*** PROVIDED RECORDS ***

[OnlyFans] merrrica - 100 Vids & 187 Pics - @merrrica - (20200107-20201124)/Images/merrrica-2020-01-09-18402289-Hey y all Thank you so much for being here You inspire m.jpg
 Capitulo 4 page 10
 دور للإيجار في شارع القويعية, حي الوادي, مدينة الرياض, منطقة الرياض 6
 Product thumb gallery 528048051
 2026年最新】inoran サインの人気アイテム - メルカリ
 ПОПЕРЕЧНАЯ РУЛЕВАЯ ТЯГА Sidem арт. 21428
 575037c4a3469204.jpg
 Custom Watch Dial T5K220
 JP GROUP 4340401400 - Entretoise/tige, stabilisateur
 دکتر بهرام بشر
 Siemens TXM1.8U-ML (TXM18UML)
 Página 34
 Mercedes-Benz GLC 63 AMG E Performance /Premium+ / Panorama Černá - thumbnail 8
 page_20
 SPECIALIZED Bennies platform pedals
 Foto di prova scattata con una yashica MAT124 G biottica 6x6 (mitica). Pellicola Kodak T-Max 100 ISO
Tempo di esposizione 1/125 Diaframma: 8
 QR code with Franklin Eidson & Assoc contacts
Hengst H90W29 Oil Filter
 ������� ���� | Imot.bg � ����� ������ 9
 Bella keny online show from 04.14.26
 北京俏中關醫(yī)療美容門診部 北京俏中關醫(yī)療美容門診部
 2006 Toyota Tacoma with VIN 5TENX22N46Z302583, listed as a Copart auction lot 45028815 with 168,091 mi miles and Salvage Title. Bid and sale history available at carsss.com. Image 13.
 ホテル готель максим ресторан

*** End of PROVIDED RECORDS ***

* WHAT IS BEING ASKED *
Every entry above must be reproduced exactly.

* RESPONSE AREA *
[OnlyFans] merrrica - 100 Vids & 187 Pics - @merrrica - (20200107-20201124)/Images/merrrica-2020-01-09-18402289-Hey y all Thank you so much for being here You inspire m.jpg
 Capitulo 4 page 10
 دور للإيجار في شارع القويعية, حي الوادي, مدينة الرياض, منطقة الرياض 6
 Product thumb gallery 528048051
 2026年最新】inoran サインの人気アイテム - メルカリ
 ПОПЕРЕЧНАЯ РУЛЕВАЯ ТЯГА Sidem арт. 21428
 575037c4a3469204.jpg
 Custom Watch Dial T5K220
 JP GROUP 4340401400 - Entretoise/tige, stabilisateur
 دکتر بهرام بشر
 Siemens TXM1.8U-ML (TXM18UML)
 Página 34
 Mercedes-Benz GLC 63 AMG E Performance /Premium+ / Panorama Černá - thumbnail 8
 page_20
 SPECIALIZED Bennies platform pedals
 Foto di prova scattata con una yashica MAT124 G biottica 6x6 (mitica). Pellicola Kodak T-Max 100 ISO
Tempo di esposizione 1/125 Diaframma: 8
 QR code with Franklin Eidson & Assoc contacts
Hengst H90W29 Oil Filter
 ������� ���� | Imot.bg � ����� ������ 9
 Bella keny online show from 04.14.26
 北京俏中關醫(yī)療美容門診部 北京俏中關醫(yī)療美容門診部
 2006 Toyota Tacoma with VIN 5TENX22N46Z302583, listed as a Copart auction lot 45028815 with 168,091 mi miles and Salvage Title. Bid and sale history available at carsss.com. Image 13.
 ホテル готель максим ресторан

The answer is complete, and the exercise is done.